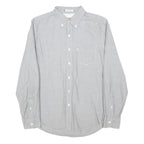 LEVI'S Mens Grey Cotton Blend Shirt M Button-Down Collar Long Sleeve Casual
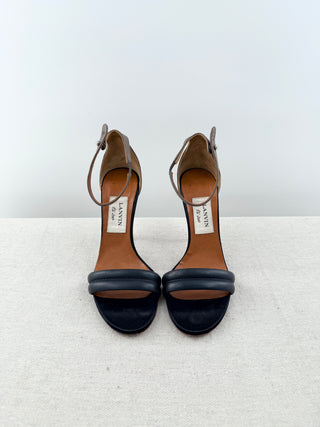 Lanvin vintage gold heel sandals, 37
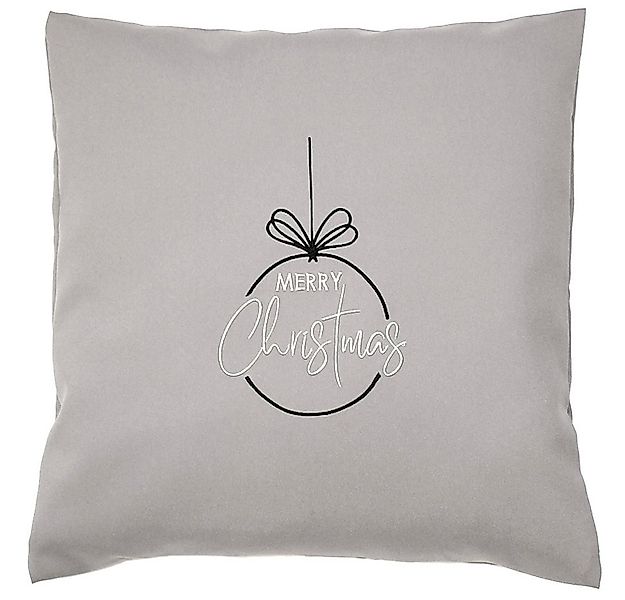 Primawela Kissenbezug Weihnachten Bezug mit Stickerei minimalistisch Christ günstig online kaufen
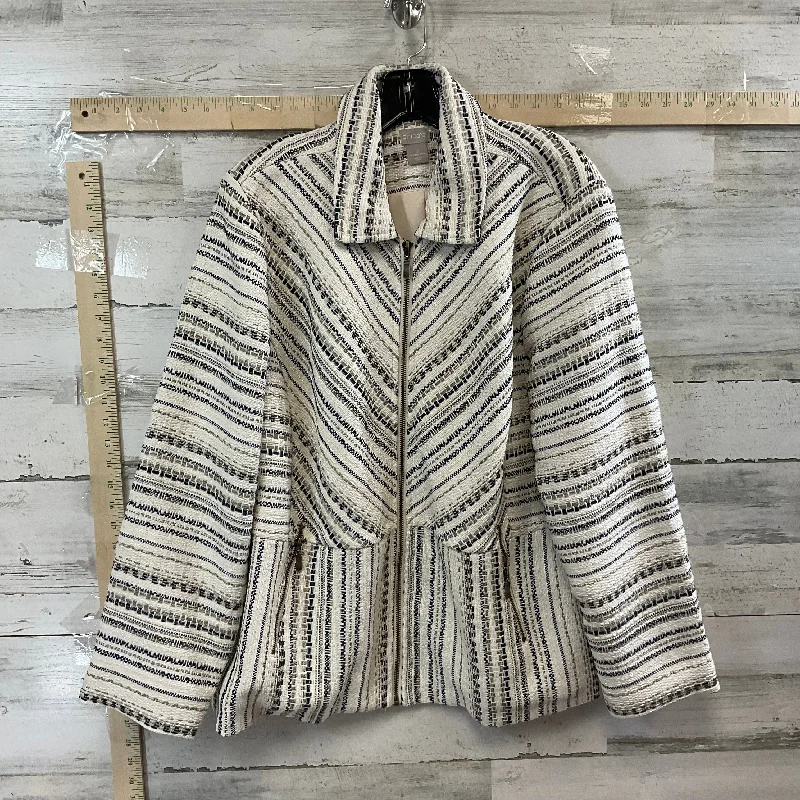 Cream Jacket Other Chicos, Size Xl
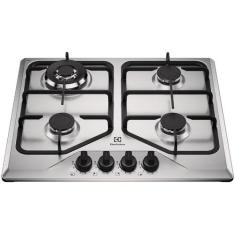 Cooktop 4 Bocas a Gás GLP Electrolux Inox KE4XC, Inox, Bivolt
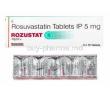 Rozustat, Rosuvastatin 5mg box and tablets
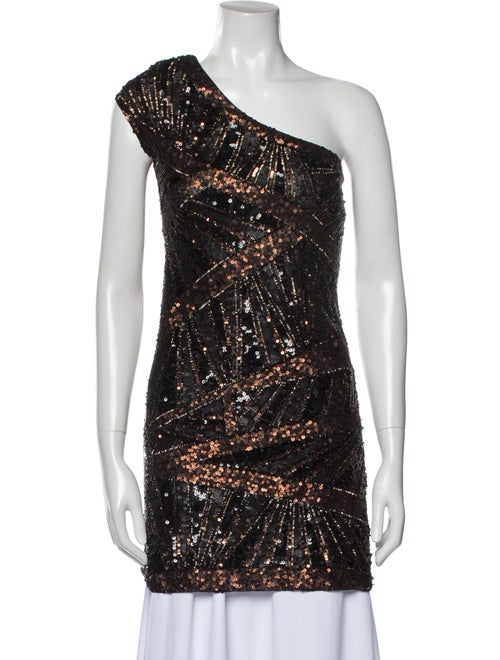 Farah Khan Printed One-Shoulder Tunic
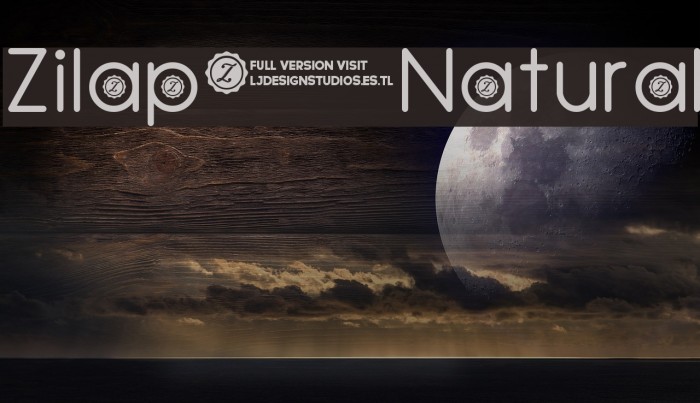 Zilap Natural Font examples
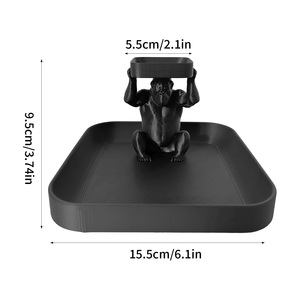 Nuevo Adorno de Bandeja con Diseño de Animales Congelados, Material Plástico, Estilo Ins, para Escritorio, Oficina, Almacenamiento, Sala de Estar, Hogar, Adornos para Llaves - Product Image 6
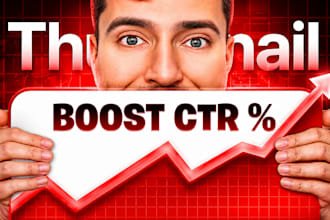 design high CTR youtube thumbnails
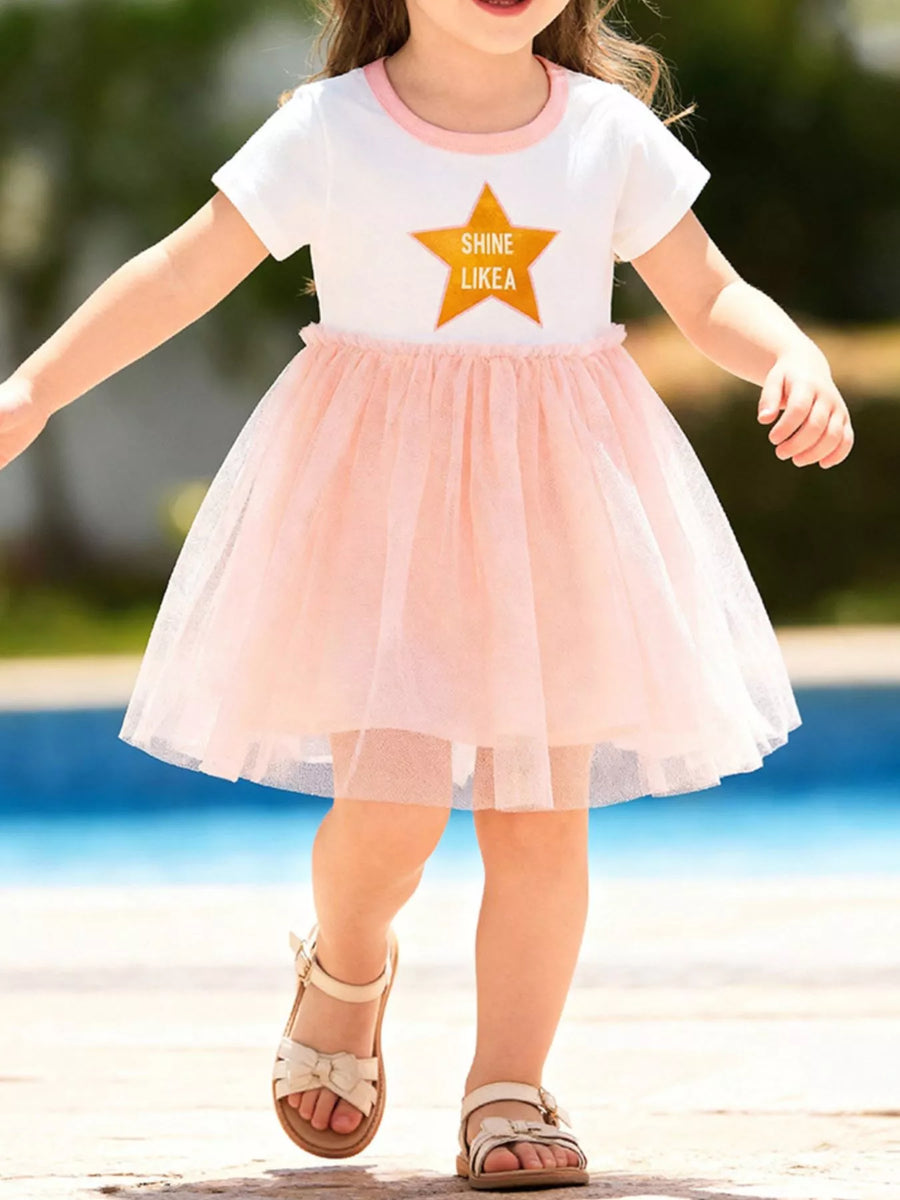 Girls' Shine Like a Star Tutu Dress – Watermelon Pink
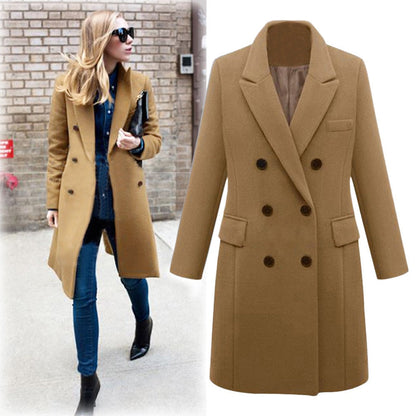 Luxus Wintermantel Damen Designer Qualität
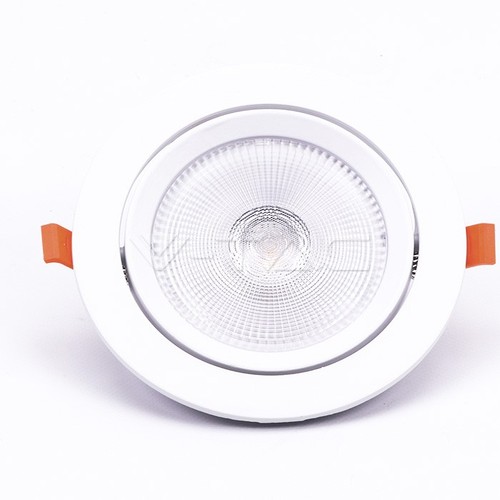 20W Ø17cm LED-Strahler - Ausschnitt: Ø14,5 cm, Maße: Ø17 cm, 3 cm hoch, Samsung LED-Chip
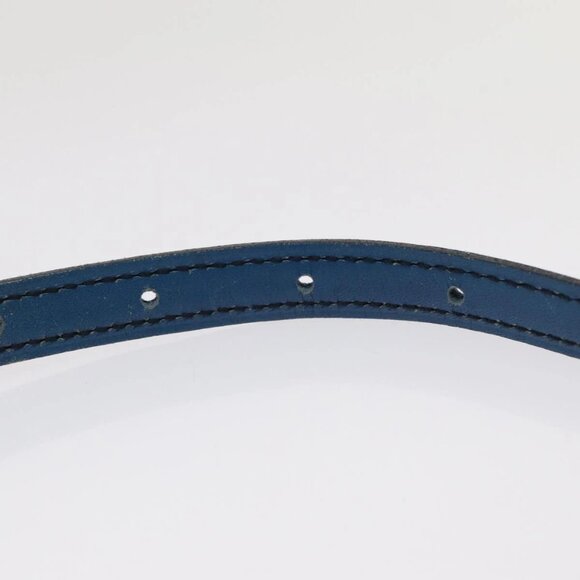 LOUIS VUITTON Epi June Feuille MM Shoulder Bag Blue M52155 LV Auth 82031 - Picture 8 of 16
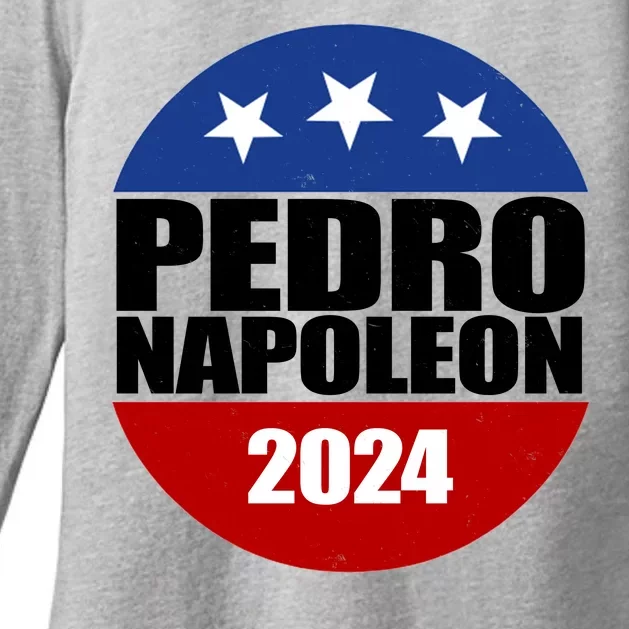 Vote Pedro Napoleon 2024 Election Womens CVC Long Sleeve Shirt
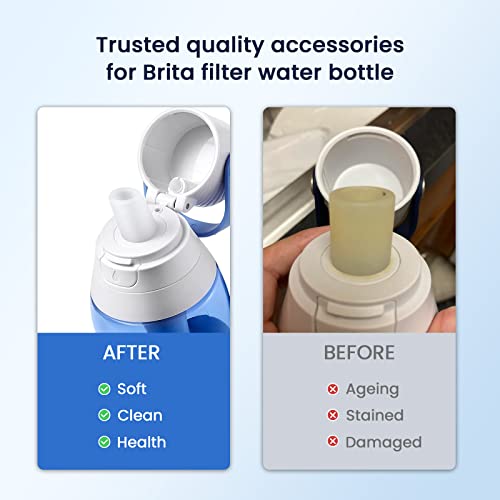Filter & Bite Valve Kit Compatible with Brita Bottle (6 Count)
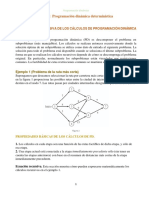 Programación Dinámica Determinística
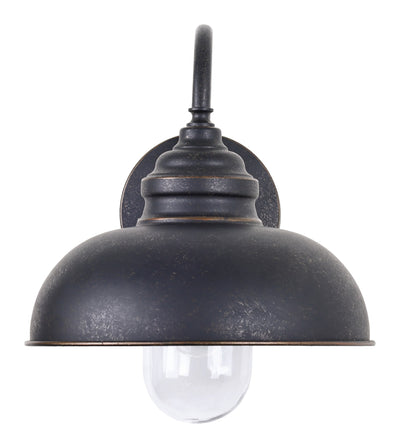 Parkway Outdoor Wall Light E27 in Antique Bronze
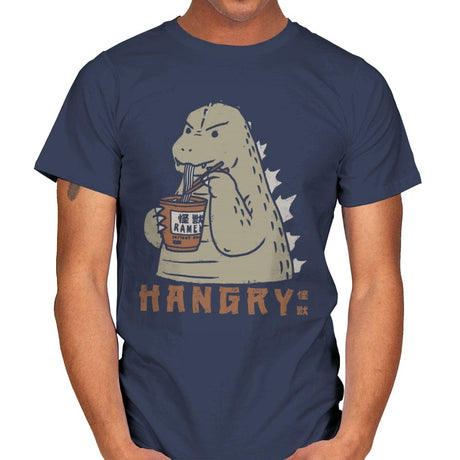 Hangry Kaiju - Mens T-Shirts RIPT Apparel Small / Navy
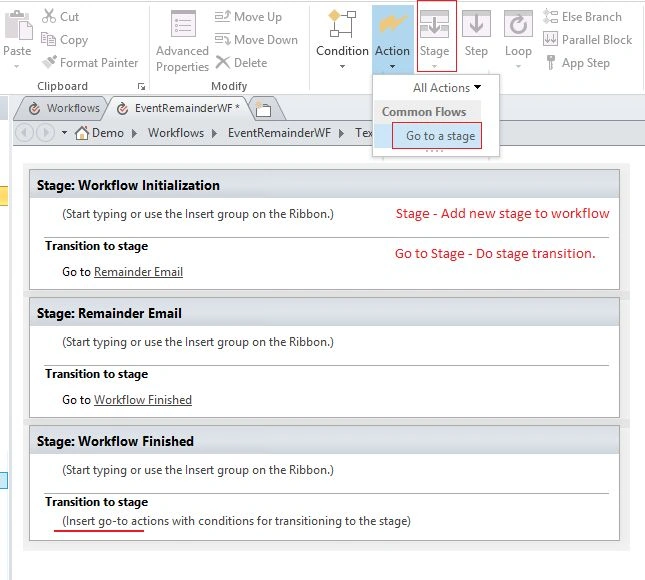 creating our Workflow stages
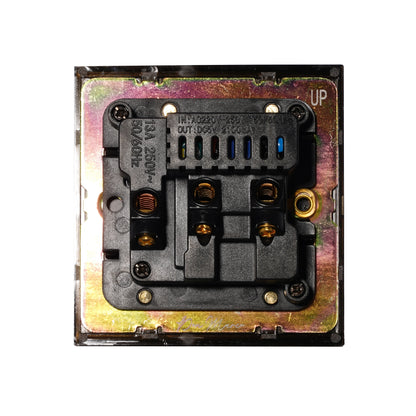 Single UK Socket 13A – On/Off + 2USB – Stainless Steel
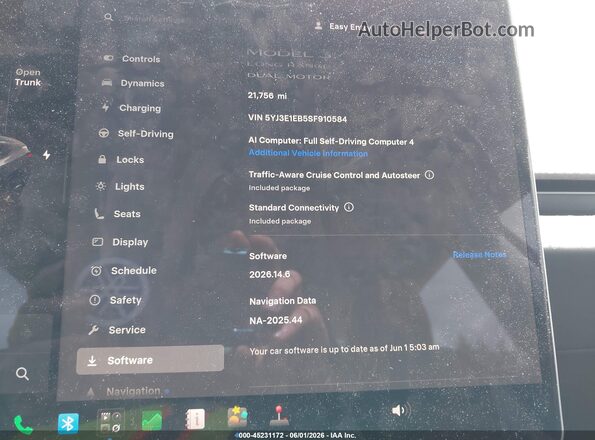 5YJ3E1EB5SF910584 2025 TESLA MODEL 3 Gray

• • •

**Exercise prompt**
Print all of the entries word for word. Omit the pictures they contain.

**Exercise response**
 LEVI'S Mens Grey Cotton Blend Shirt M Button-Down Collar Long Sleeve Casual
 Lanvin vintage gold heel sandals, 37
 Primawela Kissenbezug Weihnachten Bezug mit Stickerei minimalistisch Christ günstig online kaufen
 Cream Jacket Other Chicos, Size Xl
 Cooktop 4 Bocas a Gás GLP Electrolux Inox KE4XC, Inox, Bivolt
 Rozustat, Rosuvastatin 5mg box and tablets
 Farah Khan Printed One-Shoulder Tunic
 Zilap Natural Font examples
 Nuevo Adorno de Bandeja con Diseño de Animales Congelados, Material Plástico, Estilo Ins, para Escritorio, Oficina, Almacenamiento, Sala de Estar, Hogar, Adornos para Llaves - Product Image 6
 design high CTR youtube thumbnails
 Girls' Shine Like a Star Tutu Dress – Watermelon Pink
 Luxus Wintermantel Damen Designer Qualität
 20W Ø17cm LED-Strahler - Ausschnitt: Ø14,5 cm, Maße: Ø17 cm, 3 cm hoch, Samsung LED-Chip
 LOUIS VUITTON Epi June Feuille MM Shoulder Bag Blue M52155 LV Auth 82031 - Picture 8 of 16
 Vote Pedro Napoleon 2024 Election Womens CVC Long Sleeve Shirt
Filter & Bite Valve Kit Compatible with Brita Bottle (6 Count)
 Programación Dinámica Determinística
 Parkway Outdoor Wall Light E27 in Antique Bronze
 Hangry Kaiju - Mens T-Shirts RIPT Apparel Small / Navy
 creating our Workflow stages
 Single UK Socket 13A – On/Off + 2USB – Stainless Steel
 5YJ3E1EB5SF910584 2025 TESLA MODEL 3 Gray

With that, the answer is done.